I’ve been on spring break this week (Yay!) which came at a great time considering school was starting to make my hair fall out. So I opted to work 40-hours vs. the usual 25 thinking how great it would be to make the extra money. But what an eye opening experience! I’ve made comments about how much I want to be a “stay at home mom” (eventually) or that I don’t want to go back to corporate culture, but working from home for this many hours, man! I am crawling out of my damn skin! I want a change of scenery, I want someone to talk to, I want interaction, I want intellectual stimulation, I want random! This strange isolation is not the business. Sure, you can roll out of bed and work in your underwear, but after a few days it gets boring.

I guess I am grateful all the same because I needed this break. I needed this time to decompress and a chance to realize that having a crazy schedule isn’t the worst thing in the world. It means that you have a life! And what’s so wrong about that?

Photo courtesy of pop
Photo courtesy of fanpop.com

 

Judgement

I hate when people pass judgement on me. It happens all of the time too and for various reasons. But today I found myself passing judgement and in retrospect it wasn’t very nice. The judgement was that the young women in my family – all they know how to do is procreate. Then I exclaimed how I want to see statistics on American women who have a college education vs. those who do not in correlation with what age they started having babies. (Which I actually looked up and can be found here.)

But who in the hell do I think I am and why should I care?

Because receiving email updates that I didn’t ask for which include nothing but pictures of kids sitting on a couch in a cookie-cutter suburban home is boring and uninteresting. And perhaps if I responded with a lengthy discussion on social issues and public policy and how the men in France are HOT, I too would be presumedly judged.

As humans, we can be so cruel. My life is better than yours because….

I am not against a woman having the right to choose. Go and do whatever you want and with pride and hell yeah! But I also cannot help the fact that I am turning my nose up at this. I cannot help the fact that I find it disappointing when women are presented with an opportunity to obtain a college education (we didn’t always have this option!) and do not take advantage of it. I guess I just had higher hopes for these girls. #judgement

Interestingly enough, the women in my family with a bachelor’s degree or higher, (myself included) do not have children and are not married. Hot damn. Statistics for this can be found here.

I think…

I think the worst is over. It’s been a hellish 8+ weeks for sure. But the only way it can continue to get worse is if I don’t work hard. So really, it’s up to me at this point. I have the support, I know what I need to do, it’s just a matter of getting it done. I can’t change the way these courses are taught. I can’t change the fact that these courses are required for graduation. And I can’t change my progress thus far. C’est la vie!

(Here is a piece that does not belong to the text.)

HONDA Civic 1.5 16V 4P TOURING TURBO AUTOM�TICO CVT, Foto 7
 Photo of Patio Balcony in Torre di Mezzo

I know I have been complaining a lot…  

But I will say, I am very happy in my personal life. Things are going so well. I have just been hung up on the negativity because I do not like to feel bored and trapped. I am completely immersed in a situation that I can’t get out of right now and so yeah, I am bitching and moaning up a storm because I hate doing shit I don’t like! Who does?? Pout.. pout… pout…

But the reward that is waiting…

oh, it will be sweet…

…so very sweet.

It’s true, in a few months I won’t even give this a second thought…

It’s nice to have something to look forward to.